**REQUIRED WORK**: When you reach the line in the data below that contains "Tras persecución policías", please start repeating lines exactly, and stop after the line that contains "Rompers Summer Baby", repeating nothing else.

**DATA PROVIDED**:
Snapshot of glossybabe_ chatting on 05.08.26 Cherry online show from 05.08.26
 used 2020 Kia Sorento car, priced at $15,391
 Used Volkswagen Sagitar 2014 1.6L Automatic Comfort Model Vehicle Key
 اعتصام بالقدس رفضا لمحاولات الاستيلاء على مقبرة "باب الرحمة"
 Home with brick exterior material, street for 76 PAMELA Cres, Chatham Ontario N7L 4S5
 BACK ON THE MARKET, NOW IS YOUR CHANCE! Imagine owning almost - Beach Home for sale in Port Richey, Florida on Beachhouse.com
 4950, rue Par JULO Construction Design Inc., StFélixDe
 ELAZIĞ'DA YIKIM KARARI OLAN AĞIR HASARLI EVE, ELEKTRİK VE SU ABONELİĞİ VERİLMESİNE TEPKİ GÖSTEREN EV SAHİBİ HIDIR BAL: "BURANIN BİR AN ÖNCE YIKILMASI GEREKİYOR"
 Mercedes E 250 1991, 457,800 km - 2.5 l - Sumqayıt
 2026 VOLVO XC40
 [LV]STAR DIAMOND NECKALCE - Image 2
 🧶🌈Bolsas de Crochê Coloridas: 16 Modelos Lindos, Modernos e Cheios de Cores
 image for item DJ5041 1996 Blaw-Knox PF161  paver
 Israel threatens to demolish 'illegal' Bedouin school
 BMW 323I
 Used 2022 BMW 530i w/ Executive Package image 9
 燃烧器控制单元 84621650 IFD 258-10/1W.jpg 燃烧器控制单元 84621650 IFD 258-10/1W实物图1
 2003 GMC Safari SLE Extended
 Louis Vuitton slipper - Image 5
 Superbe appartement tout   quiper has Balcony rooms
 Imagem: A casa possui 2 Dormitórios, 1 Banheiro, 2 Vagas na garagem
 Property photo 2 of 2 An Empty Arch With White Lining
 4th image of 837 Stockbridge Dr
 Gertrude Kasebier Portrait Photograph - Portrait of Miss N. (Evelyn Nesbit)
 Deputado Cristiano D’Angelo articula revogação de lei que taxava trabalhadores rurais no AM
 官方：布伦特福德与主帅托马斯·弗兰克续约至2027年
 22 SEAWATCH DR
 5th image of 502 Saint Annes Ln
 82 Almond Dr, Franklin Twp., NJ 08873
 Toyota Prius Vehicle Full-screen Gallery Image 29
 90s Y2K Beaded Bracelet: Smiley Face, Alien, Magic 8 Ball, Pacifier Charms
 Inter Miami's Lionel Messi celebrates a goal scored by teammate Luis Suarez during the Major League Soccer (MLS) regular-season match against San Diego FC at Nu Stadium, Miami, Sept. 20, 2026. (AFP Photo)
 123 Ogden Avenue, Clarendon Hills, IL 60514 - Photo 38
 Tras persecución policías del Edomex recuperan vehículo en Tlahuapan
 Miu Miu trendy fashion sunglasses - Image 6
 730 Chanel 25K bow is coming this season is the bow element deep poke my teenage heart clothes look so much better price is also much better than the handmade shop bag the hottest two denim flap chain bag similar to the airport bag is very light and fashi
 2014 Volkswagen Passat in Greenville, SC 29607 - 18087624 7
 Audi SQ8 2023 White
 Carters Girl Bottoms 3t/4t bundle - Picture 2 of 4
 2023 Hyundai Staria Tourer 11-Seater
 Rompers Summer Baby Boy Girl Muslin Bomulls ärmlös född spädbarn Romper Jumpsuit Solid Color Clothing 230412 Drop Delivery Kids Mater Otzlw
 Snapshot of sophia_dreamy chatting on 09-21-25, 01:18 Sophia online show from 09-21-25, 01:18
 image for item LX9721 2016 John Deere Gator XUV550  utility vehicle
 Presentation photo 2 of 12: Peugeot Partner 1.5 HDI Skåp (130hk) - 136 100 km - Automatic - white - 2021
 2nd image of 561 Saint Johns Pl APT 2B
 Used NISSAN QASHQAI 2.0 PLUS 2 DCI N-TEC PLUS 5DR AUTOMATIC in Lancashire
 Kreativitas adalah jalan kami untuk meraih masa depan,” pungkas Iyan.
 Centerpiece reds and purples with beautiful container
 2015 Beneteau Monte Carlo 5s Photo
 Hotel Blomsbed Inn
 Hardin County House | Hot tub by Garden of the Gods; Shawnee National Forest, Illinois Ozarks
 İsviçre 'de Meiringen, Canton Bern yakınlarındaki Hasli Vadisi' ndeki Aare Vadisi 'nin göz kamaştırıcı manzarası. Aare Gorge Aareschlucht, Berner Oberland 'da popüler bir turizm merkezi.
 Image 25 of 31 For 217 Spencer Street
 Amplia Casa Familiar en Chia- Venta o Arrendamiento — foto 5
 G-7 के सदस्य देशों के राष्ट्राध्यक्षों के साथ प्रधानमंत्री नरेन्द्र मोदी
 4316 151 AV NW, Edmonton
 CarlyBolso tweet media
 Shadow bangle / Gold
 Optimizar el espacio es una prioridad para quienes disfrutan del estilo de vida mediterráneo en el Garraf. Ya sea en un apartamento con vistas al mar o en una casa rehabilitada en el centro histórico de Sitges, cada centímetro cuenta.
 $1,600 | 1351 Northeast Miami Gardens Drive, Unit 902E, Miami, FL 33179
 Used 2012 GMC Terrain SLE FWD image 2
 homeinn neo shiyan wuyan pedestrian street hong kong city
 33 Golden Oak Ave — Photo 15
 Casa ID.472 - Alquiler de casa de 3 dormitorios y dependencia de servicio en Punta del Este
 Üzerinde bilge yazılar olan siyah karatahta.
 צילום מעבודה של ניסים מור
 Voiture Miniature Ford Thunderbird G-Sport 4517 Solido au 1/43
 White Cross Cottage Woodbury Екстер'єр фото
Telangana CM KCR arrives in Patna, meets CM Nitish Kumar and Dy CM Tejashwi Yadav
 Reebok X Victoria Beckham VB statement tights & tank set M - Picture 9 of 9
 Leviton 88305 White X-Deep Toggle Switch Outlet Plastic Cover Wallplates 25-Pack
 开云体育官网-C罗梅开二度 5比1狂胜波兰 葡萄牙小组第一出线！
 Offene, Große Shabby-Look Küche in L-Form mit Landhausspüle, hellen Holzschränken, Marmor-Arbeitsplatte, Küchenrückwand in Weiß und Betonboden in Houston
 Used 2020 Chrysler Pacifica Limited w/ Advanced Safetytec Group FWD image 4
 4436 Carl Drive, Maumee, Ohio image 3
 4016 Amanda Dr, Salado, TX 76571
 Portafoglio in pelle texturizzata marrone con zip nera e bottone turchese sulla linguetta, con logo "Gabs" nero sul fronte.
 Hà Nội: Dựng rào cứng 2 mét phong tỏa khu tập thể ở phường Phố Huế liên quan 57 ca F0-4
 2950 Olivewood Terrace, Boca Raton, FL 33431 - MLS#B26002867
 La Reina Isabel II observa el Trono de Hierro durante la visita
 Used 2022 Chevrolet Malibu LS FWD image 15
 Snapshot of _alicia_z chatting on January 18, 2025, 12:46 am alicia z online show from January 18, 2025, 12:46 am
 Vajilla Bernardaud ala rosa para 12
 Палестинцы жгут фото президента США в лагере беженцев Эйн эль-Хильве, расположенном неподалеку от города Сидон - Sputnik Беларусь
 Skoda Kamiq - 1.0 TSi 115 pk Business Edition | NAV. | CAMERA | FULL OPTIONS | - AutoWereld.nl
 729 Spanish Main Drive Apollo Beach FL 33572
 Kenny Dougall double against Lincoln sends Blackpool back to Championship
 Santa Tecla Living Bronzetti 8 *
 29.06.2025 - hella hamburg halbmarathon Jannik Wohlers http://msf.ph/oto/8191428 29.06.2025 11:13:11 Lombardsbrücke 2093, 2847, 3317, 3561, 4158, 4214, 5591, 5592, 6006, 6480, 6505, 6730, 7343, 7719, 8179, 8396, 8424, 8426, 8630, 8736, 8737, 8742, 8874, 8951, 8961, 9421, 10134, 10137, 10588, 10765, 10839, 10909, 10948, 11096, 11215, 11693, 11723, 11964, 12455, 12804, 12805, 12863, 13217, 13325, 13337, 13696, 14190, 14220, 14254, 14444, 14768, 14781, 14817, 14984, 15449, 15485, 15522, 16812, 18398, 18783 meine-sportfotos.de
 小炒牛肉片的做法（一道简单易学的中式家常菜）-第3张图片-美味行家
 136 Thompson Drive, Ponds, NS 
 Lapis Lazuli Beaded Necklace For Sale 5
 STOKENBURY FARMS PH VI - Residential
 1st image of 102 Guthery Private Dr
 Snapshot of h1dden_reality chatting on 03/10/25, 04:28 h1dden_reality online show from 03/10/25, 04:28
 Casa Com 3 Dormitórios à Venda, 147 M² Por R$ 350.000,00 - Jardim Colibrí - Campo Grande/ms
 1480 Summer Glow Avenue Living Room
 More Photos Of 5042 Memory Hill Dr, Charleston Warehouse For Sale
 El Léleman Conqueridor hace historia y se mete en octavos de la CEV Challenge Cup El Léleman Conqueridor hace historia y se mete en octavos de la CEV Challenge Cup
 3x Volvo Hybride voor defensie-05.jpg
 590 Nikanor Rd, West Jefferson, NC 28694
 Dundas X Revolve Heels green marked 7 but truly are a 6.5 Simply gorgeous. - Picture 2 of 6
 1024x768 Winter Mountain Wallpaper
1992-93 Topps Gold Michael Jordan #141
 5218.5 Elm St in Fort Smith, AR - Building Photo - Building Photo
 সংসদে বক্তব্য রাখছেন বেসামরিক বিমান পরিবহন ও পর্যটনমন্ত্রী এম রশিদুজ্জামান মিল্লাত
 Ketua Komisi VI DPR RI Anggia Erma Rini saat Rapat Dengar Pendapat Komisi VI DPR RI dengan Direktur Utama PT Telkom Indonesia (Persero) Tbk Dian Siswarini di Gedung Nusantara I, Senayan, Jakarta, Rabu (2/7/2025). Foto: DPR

**REPLY**:
 Tras persecución policías del Edomex recuperan vehículo en Tlahuapan
 Miu Miu trendy fashion sunglasses - Image 6
 730 Chanel 25K bow is coming this season is the bow element deep poke my teenage heart clothes look so much better price is also much better than the handmade shop bag the hottest two denim flap chain bag similar to the airport bag is very light and fashi
 2014 Volkswagen Passat in Greenville, SC 29607 - 18087624 7
 Audi SQ8 2023 White
 Carters Girl Bottoms 3t/4t bundle - Picture 2 of 4
 2023 Hyundai Staria Tourer 11-Seater
 Rompers Summer Baby Boy Girl Muslin Bomulls ärmlös född spädbarn Romper Jumpsuit Solid Color Clothing 230412 Drop Delivery Kids Mater Otzlw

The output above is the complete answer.